> **ENTRIES SHOWN**:
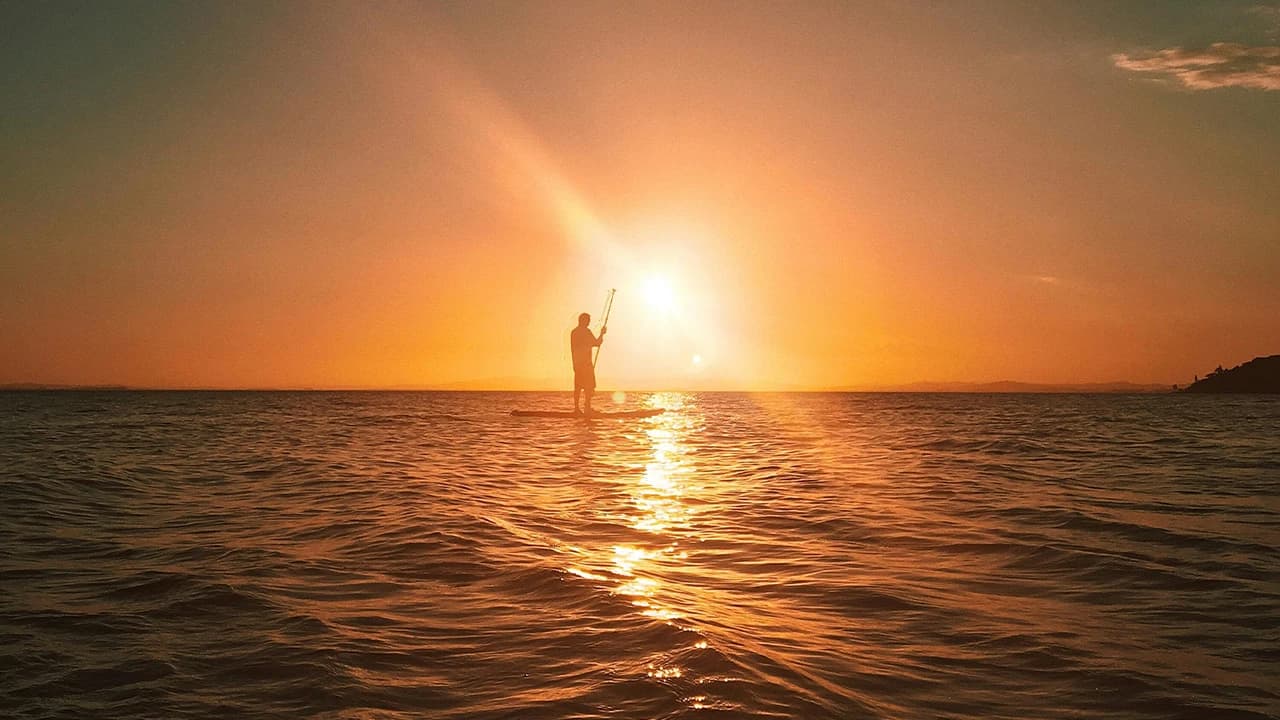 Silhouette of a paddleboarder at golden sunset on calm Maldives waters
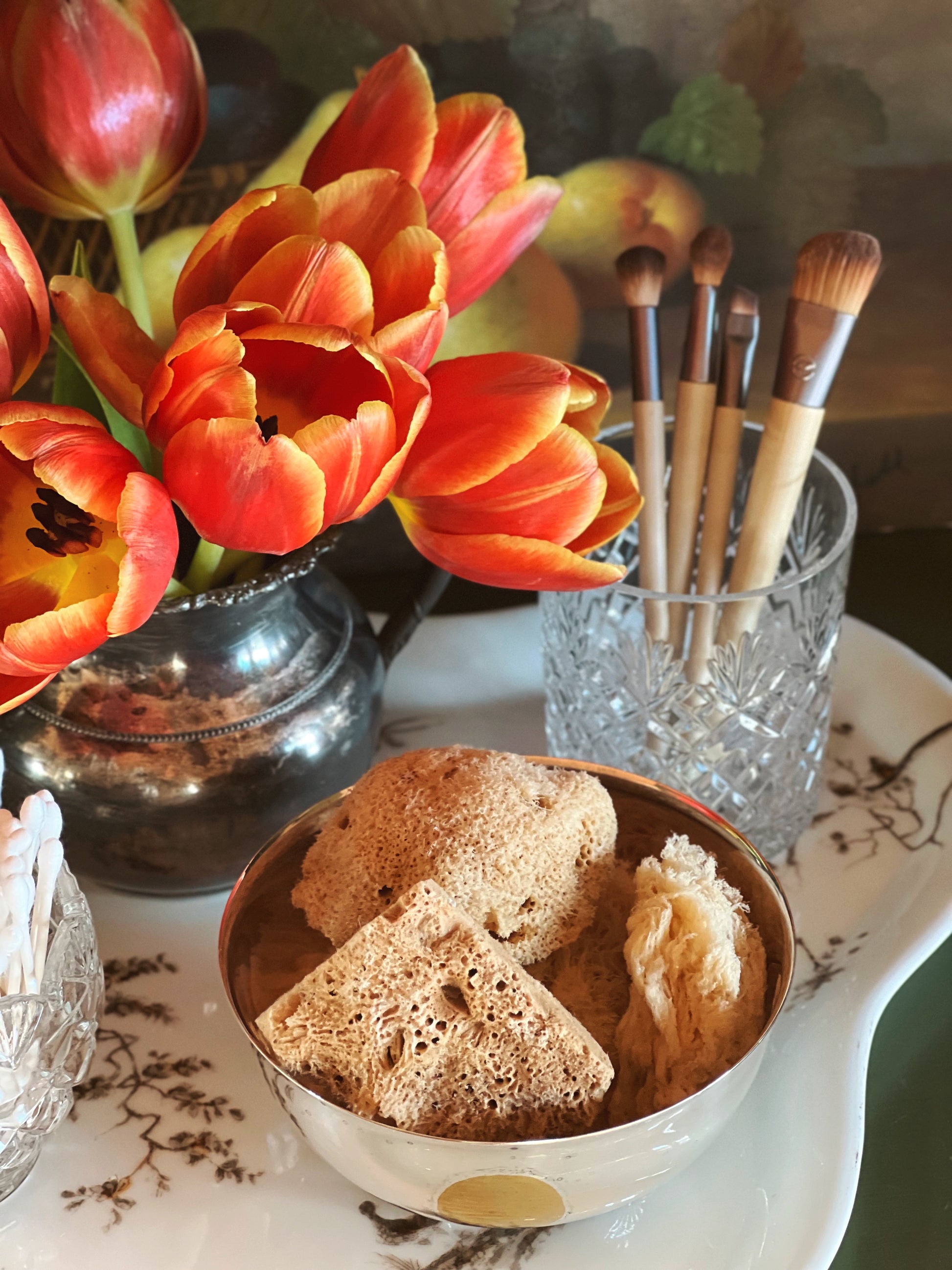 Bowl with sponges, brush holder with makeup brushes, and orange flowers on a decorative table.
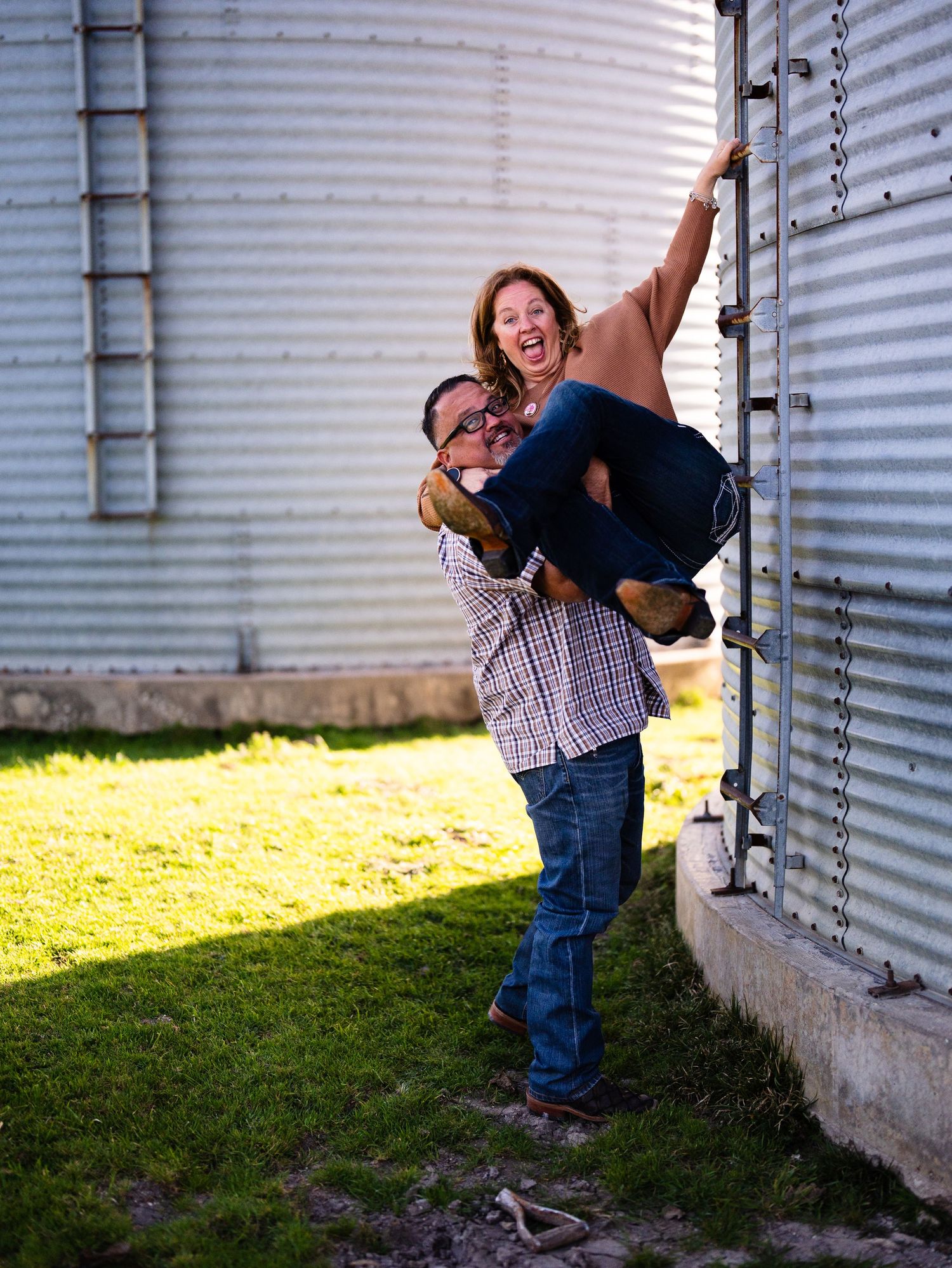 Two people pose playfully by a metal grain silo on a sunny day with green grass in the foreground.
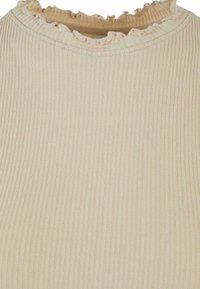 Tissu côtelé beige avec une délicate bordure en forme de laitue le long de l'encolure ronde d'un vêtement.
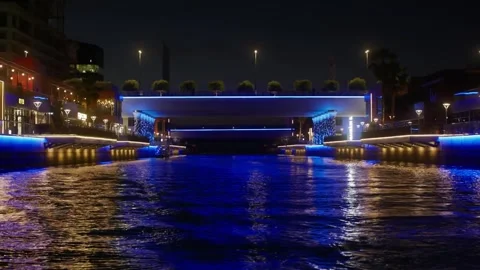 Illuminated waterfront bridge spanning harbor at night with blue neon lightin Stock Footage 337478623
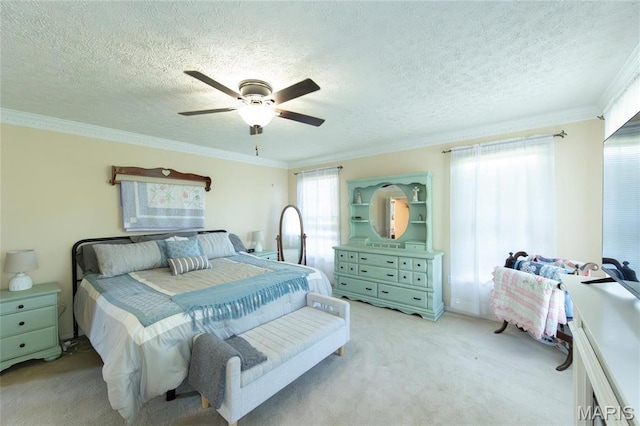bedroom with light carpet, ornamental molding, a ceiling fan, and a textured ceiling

> **ASSIGNMENT**:
Output each record verbatim and leave out its pictures.

> **SOLUTION TO THE PROBLEM**:
 Silhouette of a paddleboarder at golden sunset on calm Maldives waters
 Bowl with sponges, brush holder with makeup brushes, and orange flowers on a decorative table.
 Two people pose playfully by a metal grain silo on a sunny day with green grass in the foreground.
 Tissu côtelé beige avec une délicate bordure en forme de laitue le long de l'encolure ronde d'un vêtement.
 Illuminated waterfront bridge spanning harbor at night with blue neon lightin Stock Footage 337478623
bedroom with light carpet, ornamental molding, a ceiling fan, and a textured ceiling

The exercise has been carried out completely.